All the data below goes into the copy word for word, but the pictures don't.

Dataset section:

'''

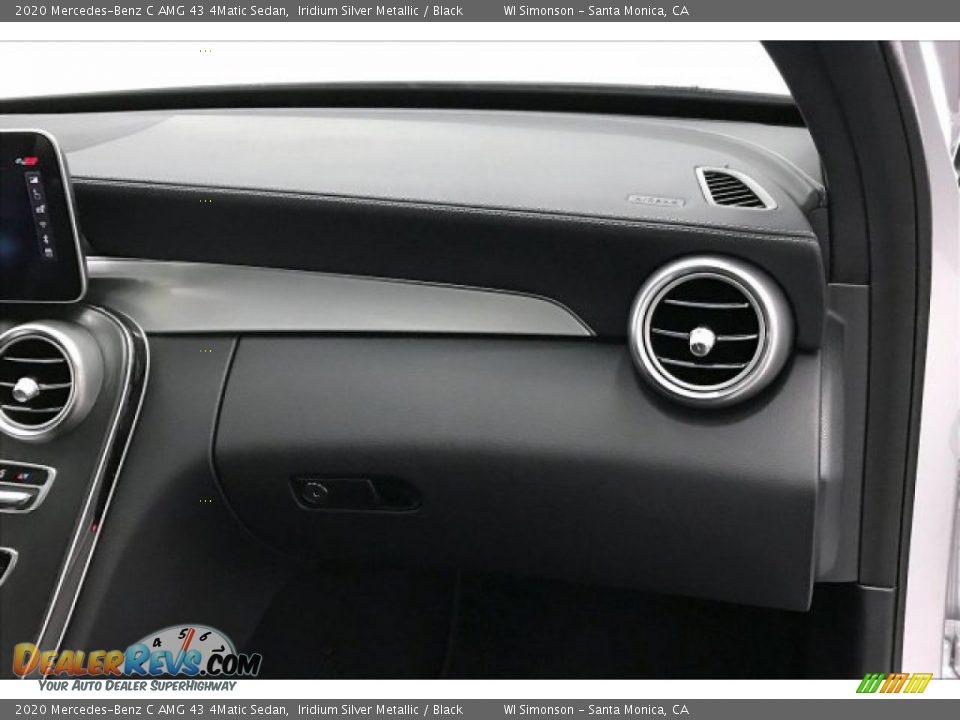 2020 Mercedes-Benz C AMG 43 4Matic Sedan Iridium Silver Metallic / Black Photo #28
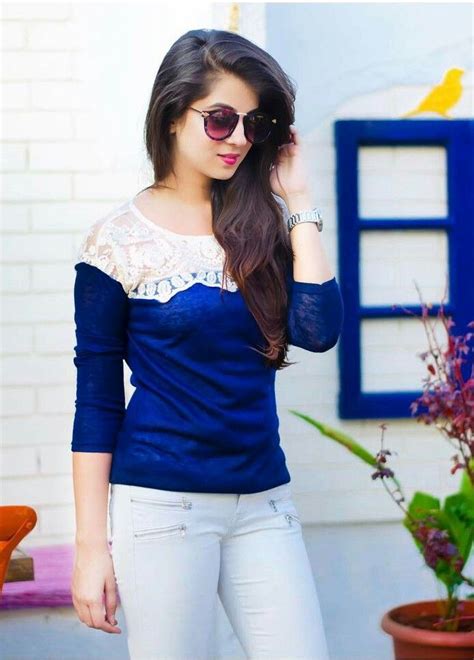 Pin By Its Megha On Own Works As Hobby Stylish Girls Photos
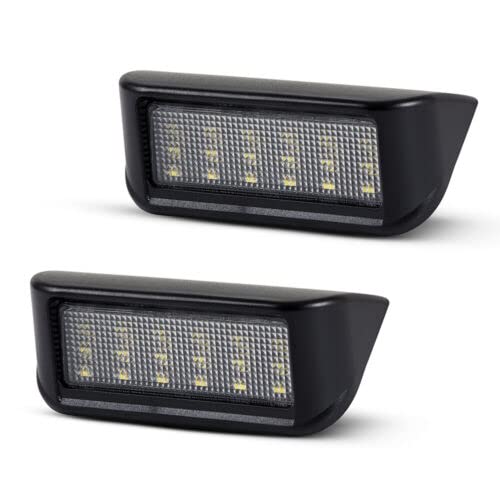 Modifycar Luci a targa LED valide per OPEL VIVARO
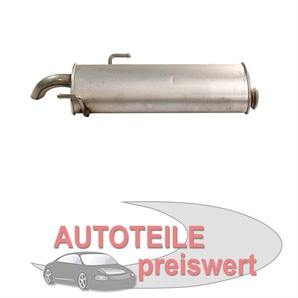 Endschalldämpfer Peugeot 306 Schrägheck 1,9 2,0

'''

Response below:
 2020 Mercedes-Benz C AMG 43 4Matic Sedan Iridium Silver Metallic / Black Photo #28
 Pin By Its Megha On Own Works As Hobby Stylish Girls Photos
 Modifycar Luci a targa LED valide per OPEL VIVARO
 Endschalldämpfer Peugeot 306 Schrägheck 1,9 2,0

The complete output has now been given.